▸ Problem requirements
Exact copies of the lines from the one holding "3mm 4mm Black" through the last line of the entries below are to be printed, with pictures omitted.
Records to process section start
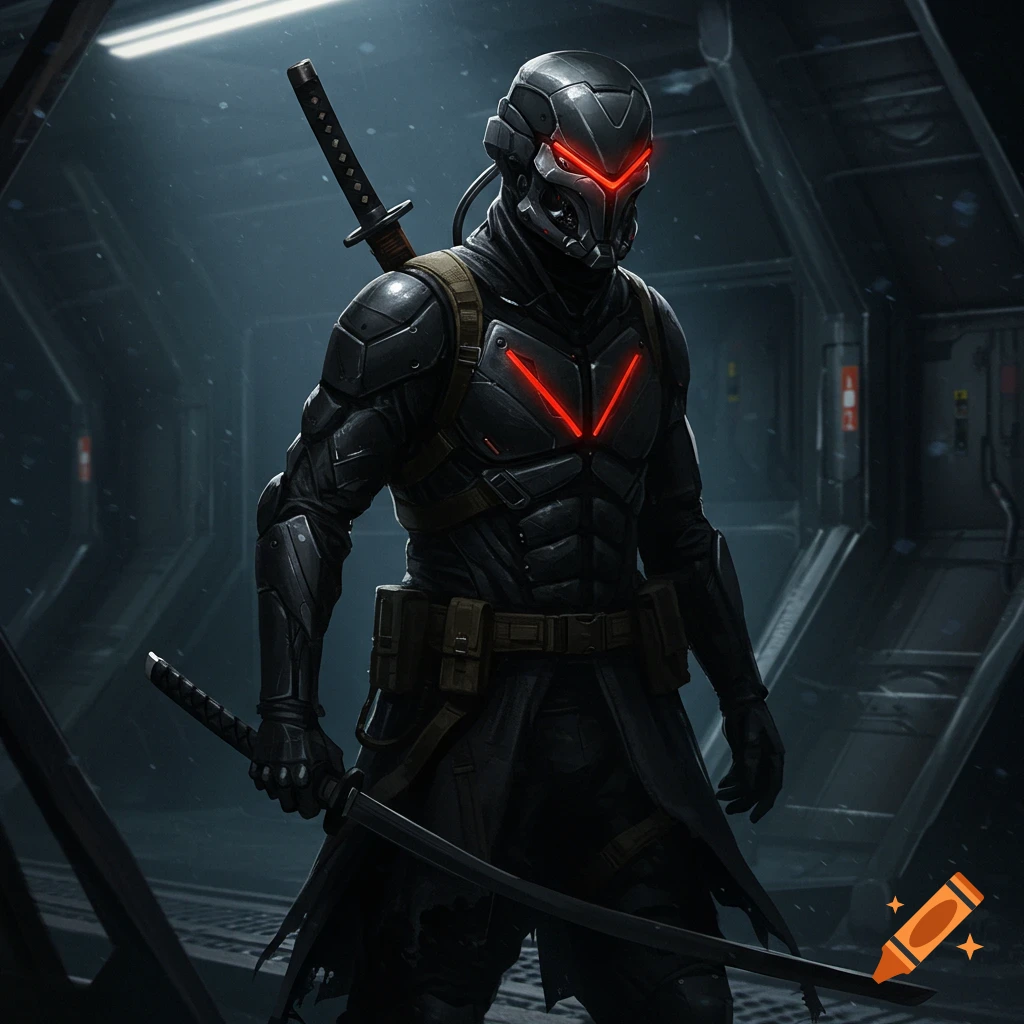 A warrior in black sci-fi armor with red visor and katanas in a dark corridor.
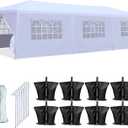 SereneLifeHome Pop Up Canopy Tent - 10x30 Portable Commercial Instant Shelter Foldable/Collapsible Sun Shade Waterproof Tent w/ 8 Walls - 8 Sand Bag, 8 Stake & Ropes White (SLTET30NG)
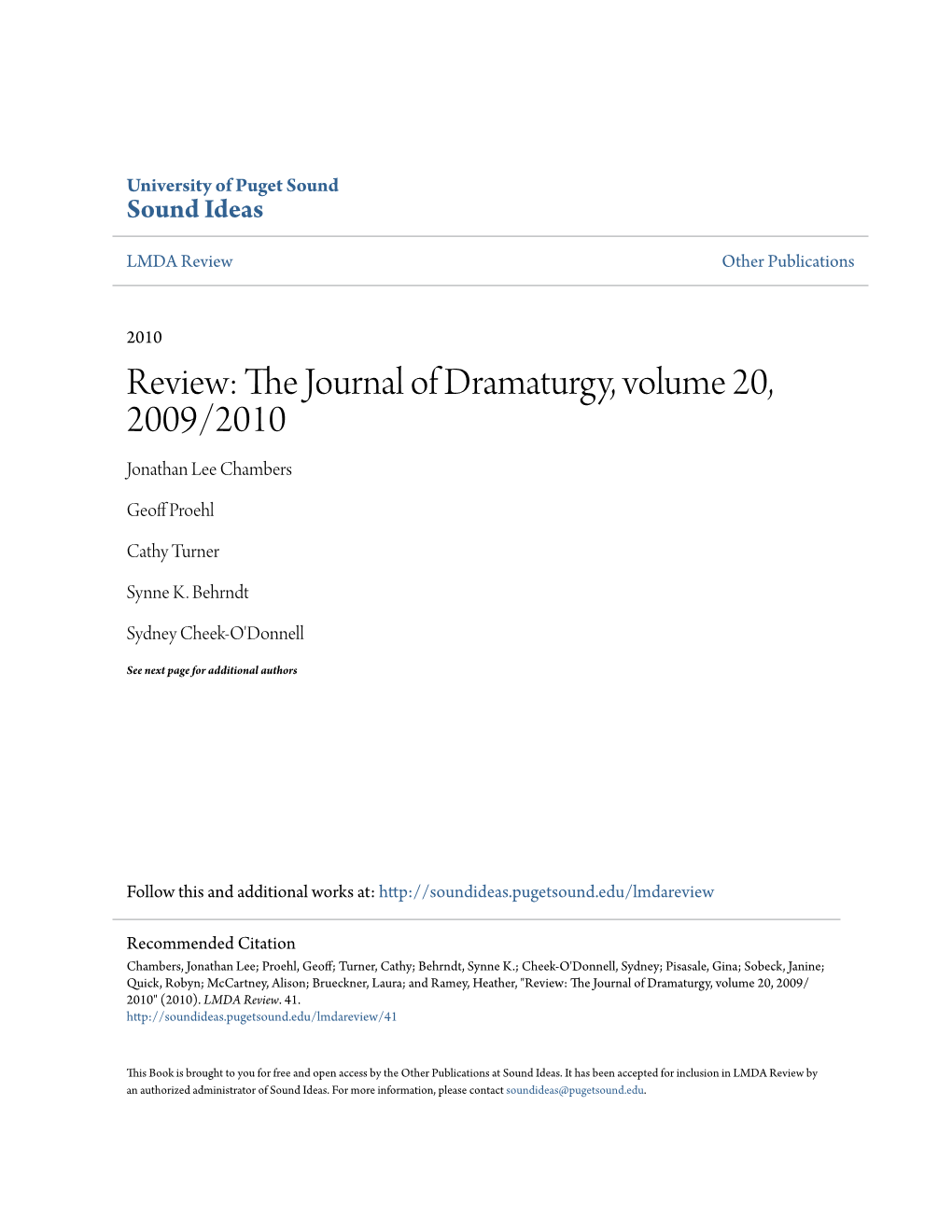 Review: the Journal of Dramaturgy, Volume 20, 2009/2010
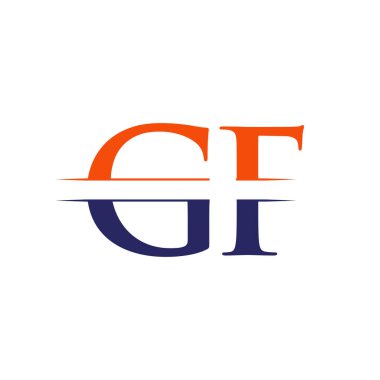 Gf harfi Tip Logo Tasarım Şablonu. Soyut Harf Gf logosu Tasarımı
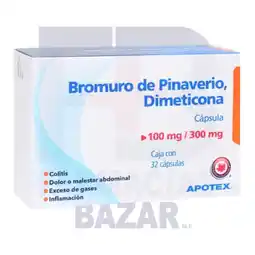 Farmacias Bazar BROMURO DE PINAVERIO/DIMETICONA 100/300MG 32 CAPSULAS APOTEX oferta
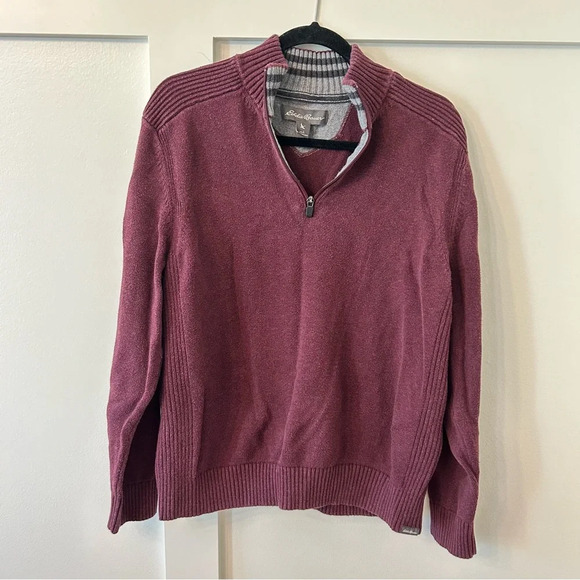 Eddie Bauer Other - Eddie Bauer 100% Cotton Men’s Purple Quarter Zip Pullover Size L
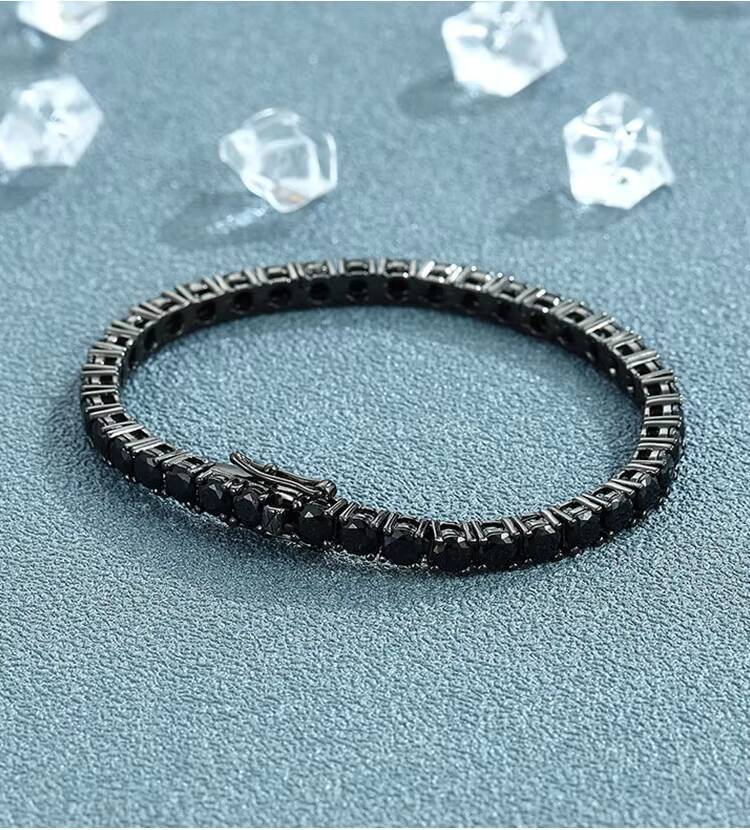 3mm 4mm Black Moissanite Tennis Bracelet Full Diamond GRA 925 Sterling Silver Plated Gun Black Hiphop Bracelets for Women Man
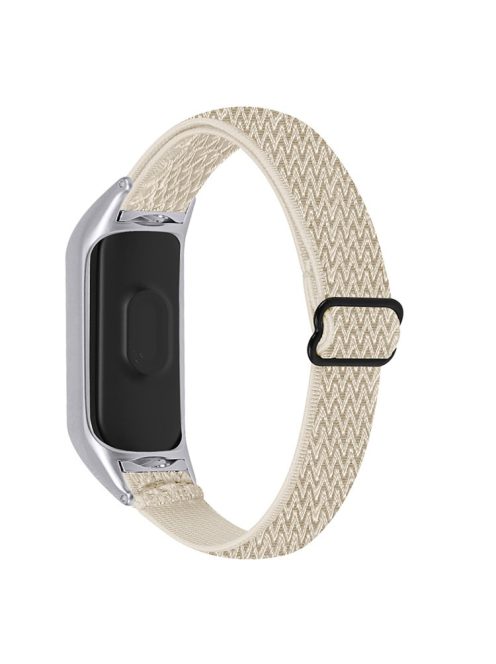 Braided Nylon Strap Watch Band Adjustable Elastic Solo Sports Loop Bracelet for Xiaomi Mi Band 4 / 3 - Apricot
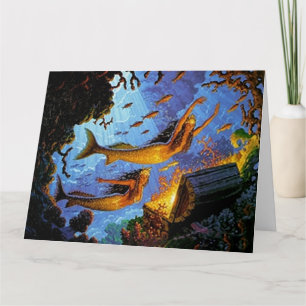 Big Birthday Mermaids Treasure Gold Karte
Records to process section end
▸ Your response
 3mm 4mm Black Moissanite Tennis Bracelet Full Diamond GRA 925 Sterling Silver Plated Gun Black Hiphop Bracelets for Women Man
 Braided Nylon Strap Watch Band Adjustable Elastic Solo Sports Loop Bracelet for Xiaomi Mi Band 4 / 3 - Apricot
 Big Birthday Mermaids Treasure Gold Karte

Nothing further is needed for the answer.